TASK ITEM.
Every record that follows should be copied exactly. No picture belongs in the copy.

******

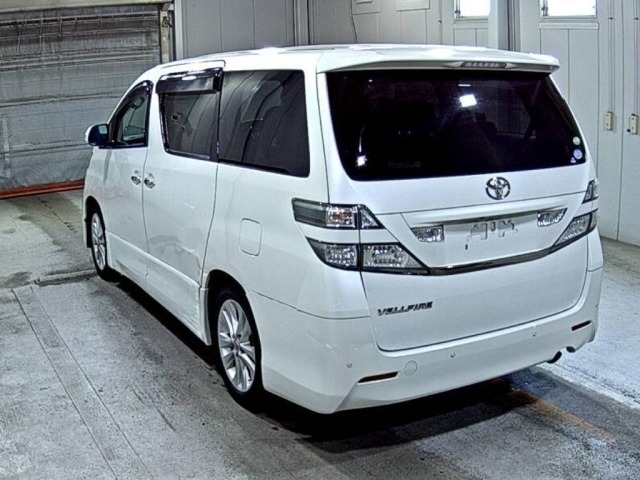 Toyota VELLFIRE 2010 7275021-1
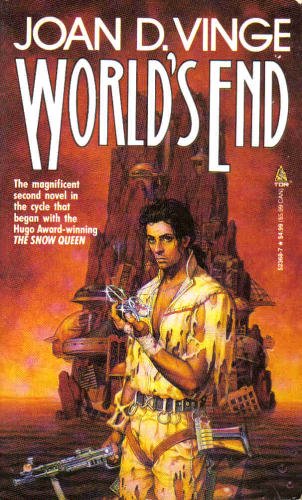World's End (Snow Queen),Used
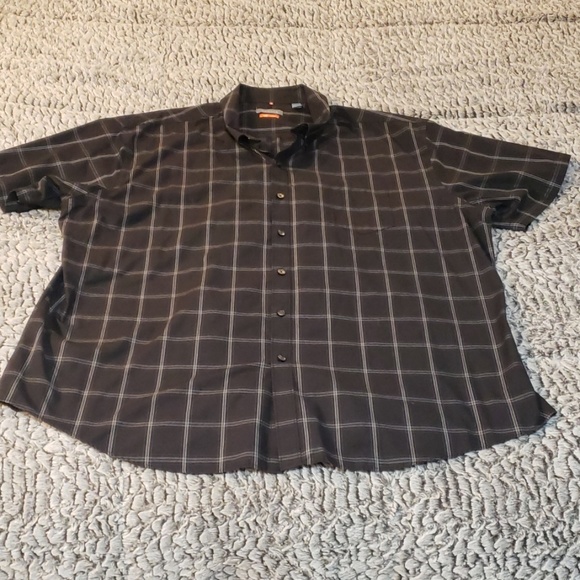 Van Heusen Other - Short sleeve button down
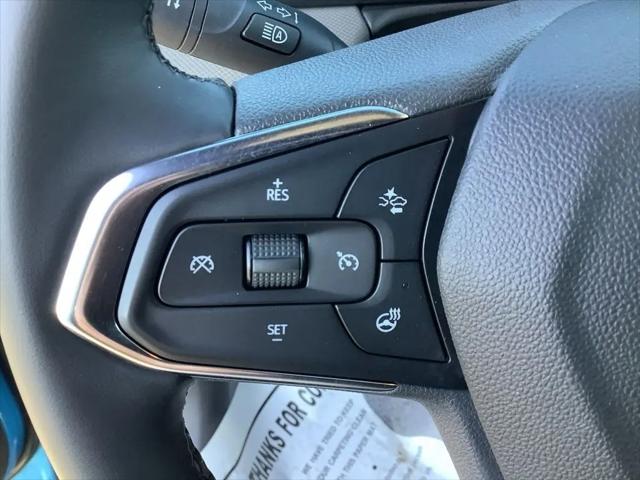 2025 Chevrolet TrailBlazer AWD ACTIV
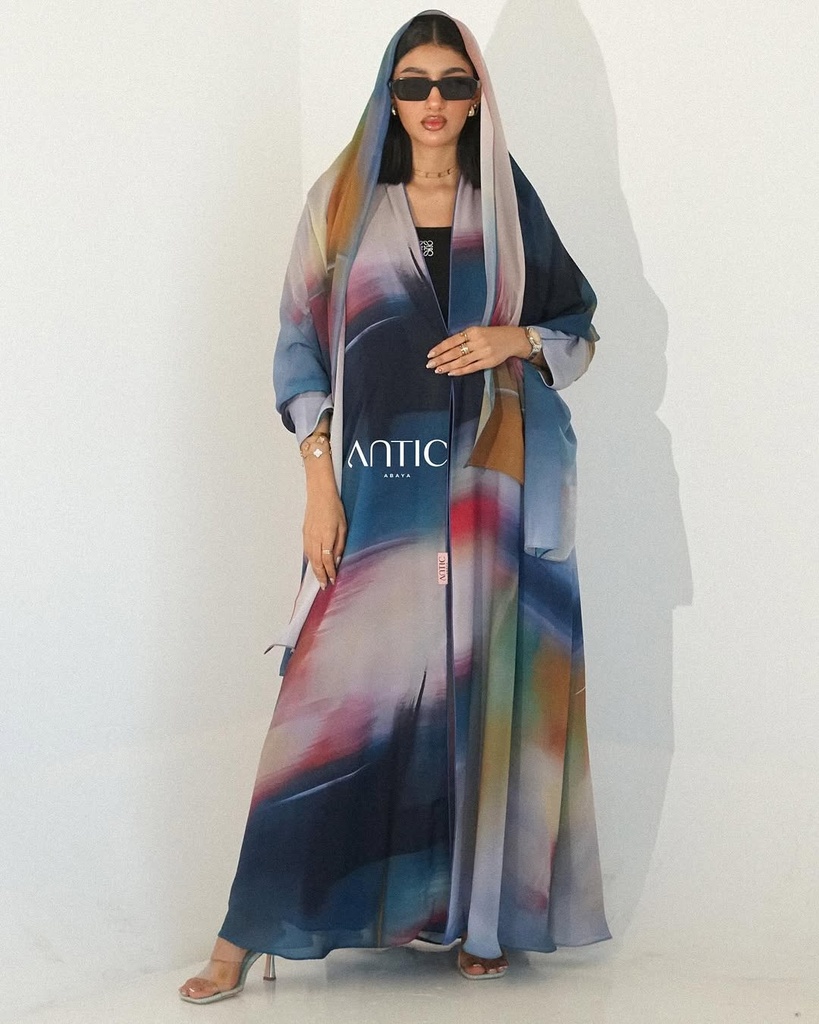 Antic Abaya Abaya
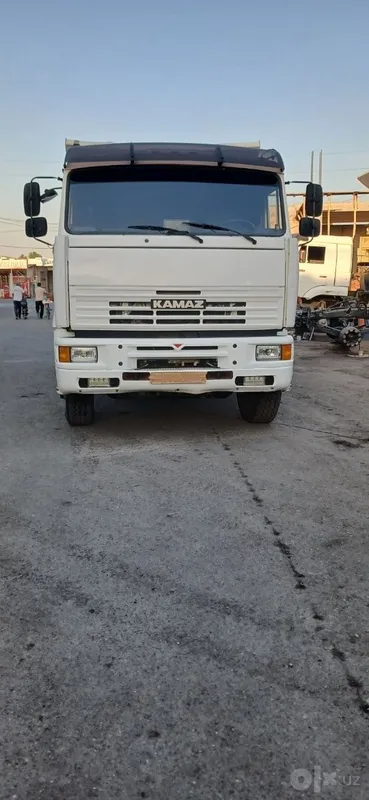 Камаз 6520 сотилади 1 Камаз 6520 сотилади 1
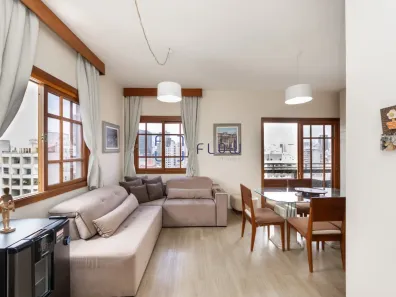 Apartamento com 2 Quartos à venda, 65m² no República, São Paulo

******

RESULT BELOW.
 Toyota VELLFIRE 2010 7275021-1
World's End (Snow Queen),Used
 Van Heusen Other - Short sleeve button down
 2025 Chevrolet TrailBlazer AWD ACTIV
 Antic Abaya Abaya
 Камаз 6520 сотилади 1 Камаз 6520 сотилади 1
 Apartamento com 2 Quartos à venda, 65m² no República, São Paulo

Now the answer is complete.